Poland has joined the OECD's Nuclear Energy Agency (NEA), while the UK has said it is thinking of leaving.
The agency, for the 29 countries that are members of the Organisation for Economic Cooperation and Development, conducts research on nuclear safety, regulation, technology and law. All of this is intended to aid the member governments in their use and understanding of nuclear energy.
Poland's entry to the body will allow it to draw on these resources, as well as contribute by supplying its own experts. The country is putting together a comprehensive plan to become a user of nuclear energy with two reactors beginning operation from 2022.
Leading this effort for the Polish Ministry of Economy is Hanna Trojanowska. She said, "NEA membership will help Poland realise the nuclear power program, which is the biggest industrial project in Poland since the Second World War."
One in one out?
The UK caused surprise at a 20 October meeting of the NEA steering committee when its representative declared the country's unwillingness to fund its contribution from central budgets.
Britain said it would soon file an official letter of intent to withdraw from the NEA by the end of 2011, although this has not yet been received. Should the country find a new way to fund its contribution to the NEA, it said, the letter would be withdrawn.
Such a withdrawal would be remarkable considering that the NEA counts non-nuclear countries like Austria, Denmark, Iceland, Ireland, Greece, Norway and Portugal as members.
The UK currently pays €1.2 million ($1.6 million) per year to the agency and this would be "quite a substantial loss for the budget," an NEA official told World Nuclear News.
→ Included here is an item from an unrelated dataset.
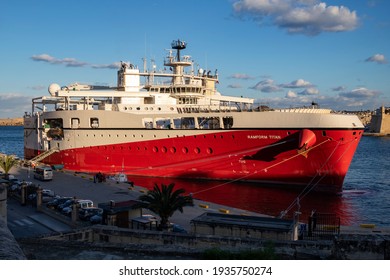 Valletta, Malta - November 30, 2016: PGS Ramform Titan Special Powerful Seismic Ship. Marine Seismic Vessel. Fully Integrated With GeoStreamer Technology.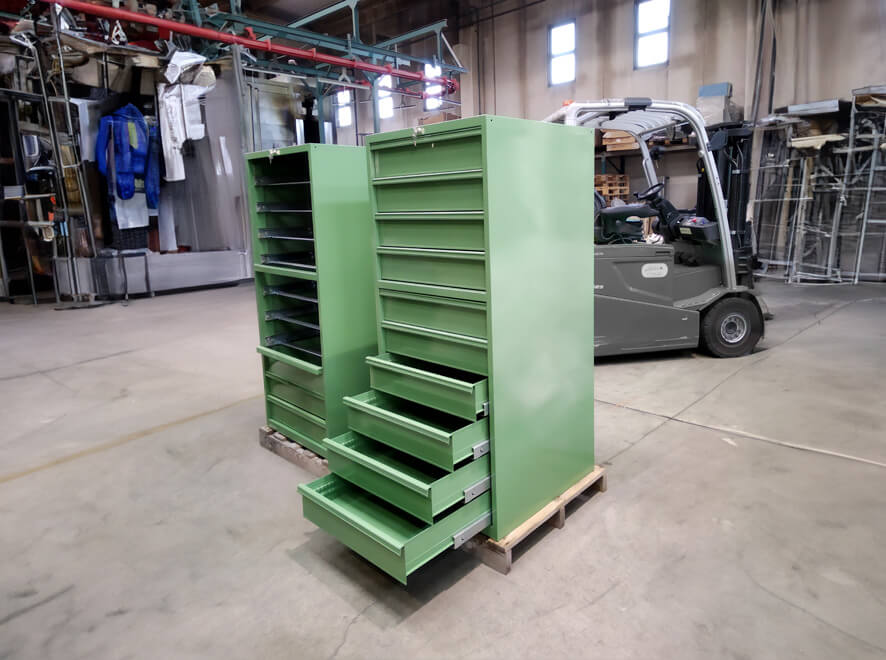 cassettiere in metallo per officine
However, the worst part would be to lose some 200 British nuclear experts working on NEA programs.
This contribution currently comes from the Department of Energy and Climate Change, which is talking to other nuclear-related bodies and departments in an effort to shift the spending from its own budget as 'austerity' measures bite.
NEA director general Luis Echávarri comfirmed that funding is the main issue regarding Britain's membership and that he is optimistic a solution will be found.